It was a great privilege and honor to be selected as a Fulbright Language Teaching Assistant (FLTA) in 2014. As I looked back on my Fulbright experience at Ursinus College four years later, I could see more clearly the many blessings that I received throughout my ten-month stay in Collegeville, Pennsylvania. It is impossible to detail every aspect of the grant experience in one single reflection, but three aspects figured prominently during the grant year: cultural exchange, academic study, and community outreach and travels.
One of the richest experiences as an FLTA is the exchange of cultures with my students and other FLTAs through sharing and learning. In terms of sharing, I had numerous occasions in my weekly conversation class to share Chinese cultures with my students – Chinese tongue twisters, shadow puppetry, cuisines, films and TV shows, poems, just to name a few. One memorable experience was my leading several American students to perform in the school’s annual celebration. We sang and danced to a popular Taiwanese song by Wu Bai, “You Are My Flower,” winning us a big round of applause from the audience. Another notable experience took place during the Chinese New Year where I introduced our traditions and taught American students how to fold the sky lanterns and write their wishes in Mandarin.

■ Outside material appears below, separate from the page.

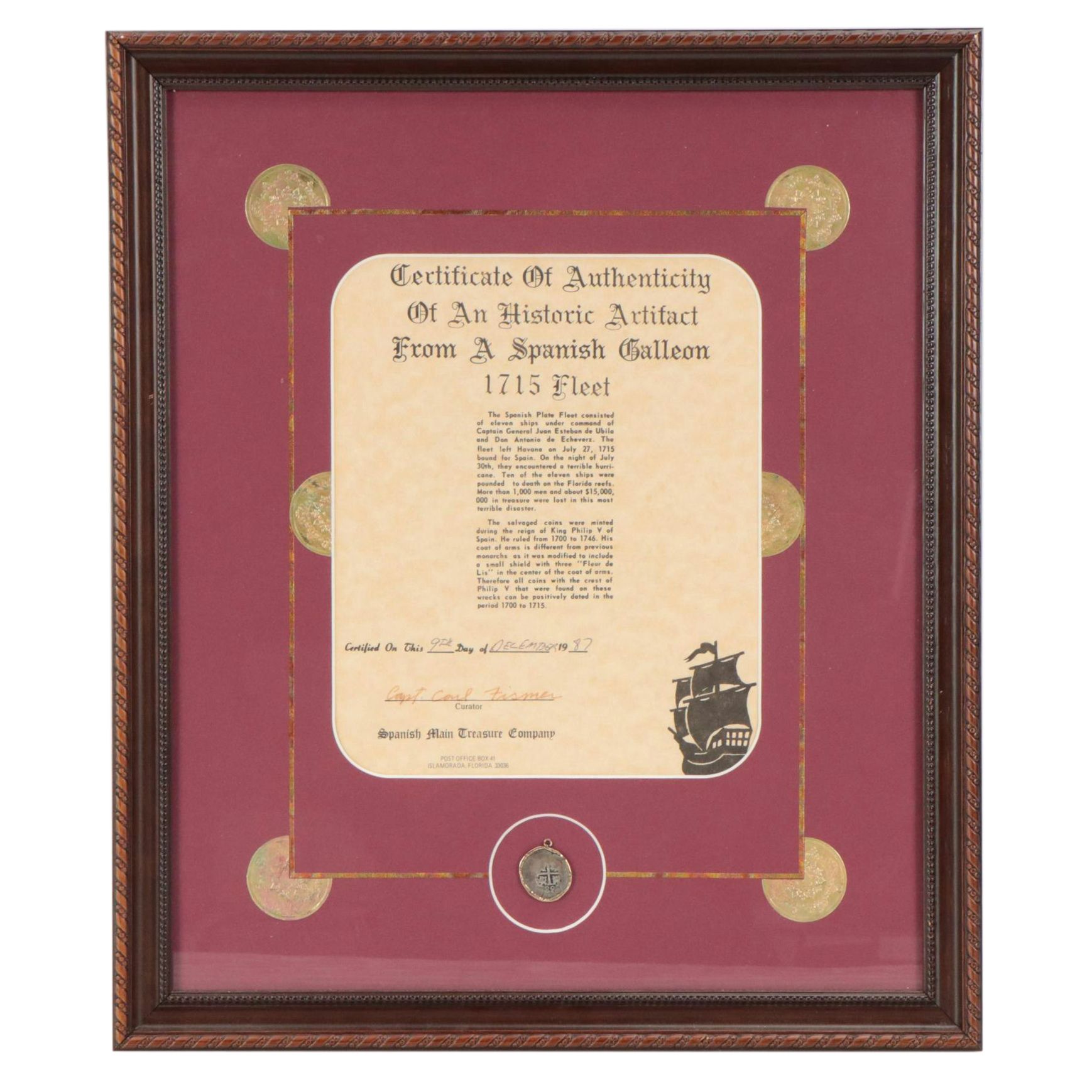 18th Century 8-Reales Spanish Colonial Silver Cob Coin of King Phillip V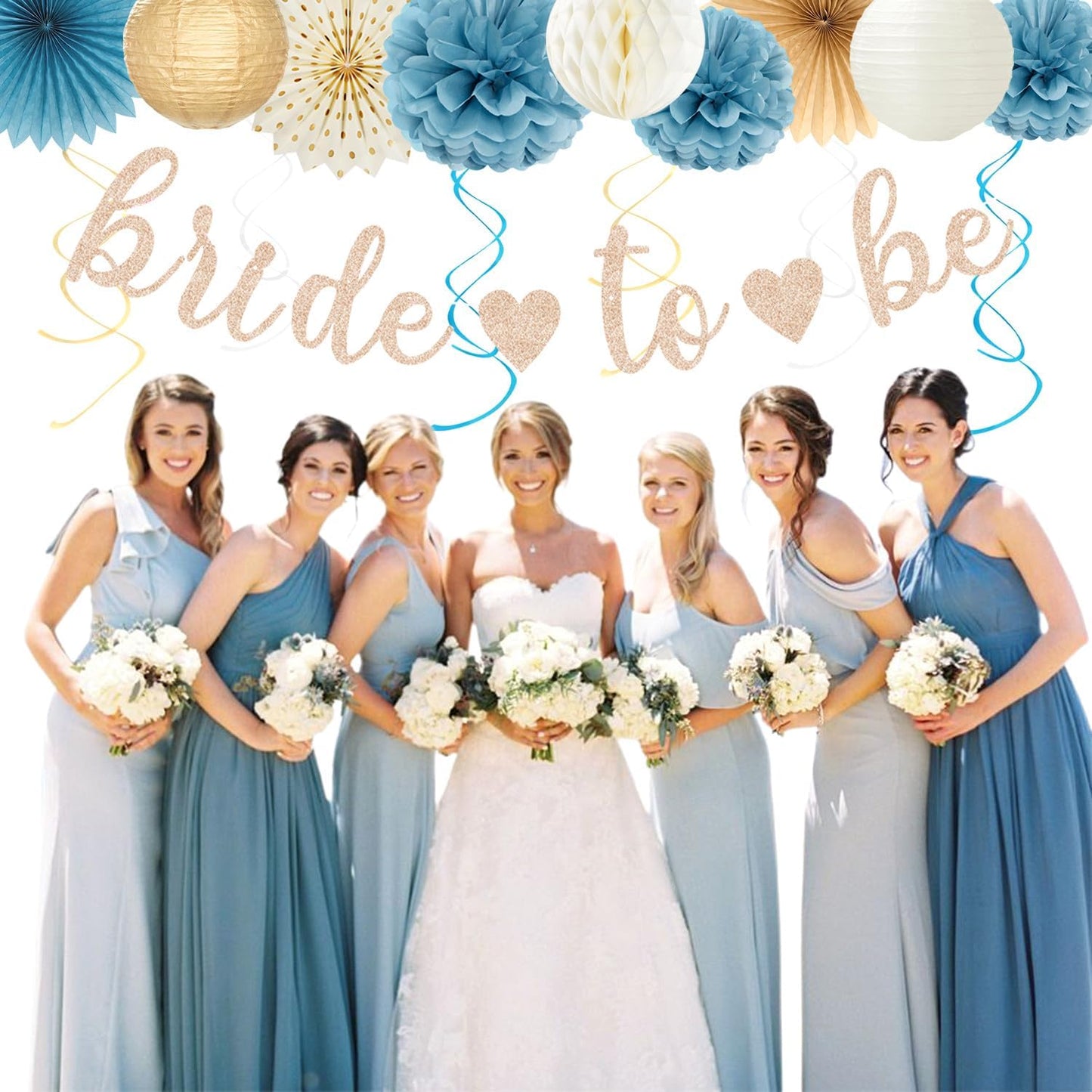 Beige-Champagne-Blue Boho Bachelorette Party-Decorations - 21pcs Women Bridal Shower Banner Garland,Bride To Be Paper Streamers Lanterns,Flower Tissue Pom Poms Fan Favors Wedding Decor Huglony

Cultural sharing is a two-way street where I have also learned valuable lessons from my students and fellow classmates. One of the most impactful lessons is that I have dispelled the stereotypes and misconceptions associated with American cultures. In the past, I considered America to be the only dreamland in the world where everything is possible. That notion was changed as I had regular conversations with locals. Through them, I have learned more about their society, thus being able to look at things in a broader perspective. In regard to the cultural exchange with the other FLTAs, the initial gathering in August and the mid-year conference in December broadened my horizon to a greater extent, enabling me to learn from their distinctive cultures and teaching styles. The constant sharing and learning helped me become a more well-rounded and open-minded educator. Those wonderful exchanges indeed contributed to Senator Fulbright’s vision: “a world with a little more knowledge and a little less conflict.”
For me personally, I felt very blessed to have the opportunity to study at Ursinus College given my family’s difficult financial situation. I had profound gratitude for the opportunity to take two courses each semester, and I studied with enthusiasm! Throughout my Fulbright year, I took sociology, French, and German. Sociology delved deep into American cultures (especially the issue between the black and white communities) and offered me many opportunities to engage in classroom discussions. I eventually felt more at ease to express my opinions in class. However, as a language teacher, I reaped most bountiful rewards from the two language courses I took. I was especially influenced by my French professor, Mrs. Trout, who has an extensive repertoire of teaching techniques. Even though a lot of them are rather traditional, Mrs. Trout knows how to use them effectively. With her careful guidance, I was amazed to see myself finish reading three unabridged French novels in one semester and write a 1,000-word final essay in French. Her exemplary teaching, dynamic style, charisma, and active learning approach are what inspired me to keep learning French and to become a better educator.
In addition to cultural exchange and academic study, non-academic experience such as joining the local church choir, participating in school club performances, and travelling also helped broaden my horizon. Singing in the choir helped me find a wonderful community and deepen my Catholic faith. It was a memorable experience to have weekly choir practice in the conductor’s house. The weekly connection with the choir members helped us become good friends. Upon my departure, the choir even held a farewell gathering for me, which filled me with joyful tears. As for the school club performances, I had several group performing experiences with American students, be it modern dance, Indian dance, or African dance. The process of collaboration made me bolder in my body expression and in my communication with my teams.
The most poignant experience, though, was travelling on numerous occasions during my grant year. Those travels, with or without companions, opened my eyes and allowed me to see not only majestic landscape and geographical features, but also people of different colors and walks of life. I was held spellbound as I strolled in Canyonlands National Park in Utah. In New York City, I was surprised by the gap between the rich and the poor. In Washington D.C., I was fascinated by its museums and historical monuments. I also travelled for my professional development. Given my interest in educational drama, I went to the Oregon Shakespeare Festival in Ashland to attend the drama workshop, learning how to teach Shakespeare to students. This experience later led me to be the instructor of the Shakespeare Camp in Taipei in 2017. I could not help but feel mesmerized by how travels can bring about unforeseen changes in a person.
Thanks to the Fulbright experience, I had many wonderful opportunities to exchange cultures with my students and other FLTAs, to attend courses at Ursinus College, and to have phenomenal travelling experiences. During my ten-month grant, I have shared my culture and my language using various activities and methods. Through the courses I took, I observed different teaching approaches and experienced how personal charisma can elevate teaching. Finally, extensive travels allowed me to develop invaluable insights. All in all, my Fulbright year has equipped me with a brand-new energy to teach English, inviting me to go forth and be an inspiration myself.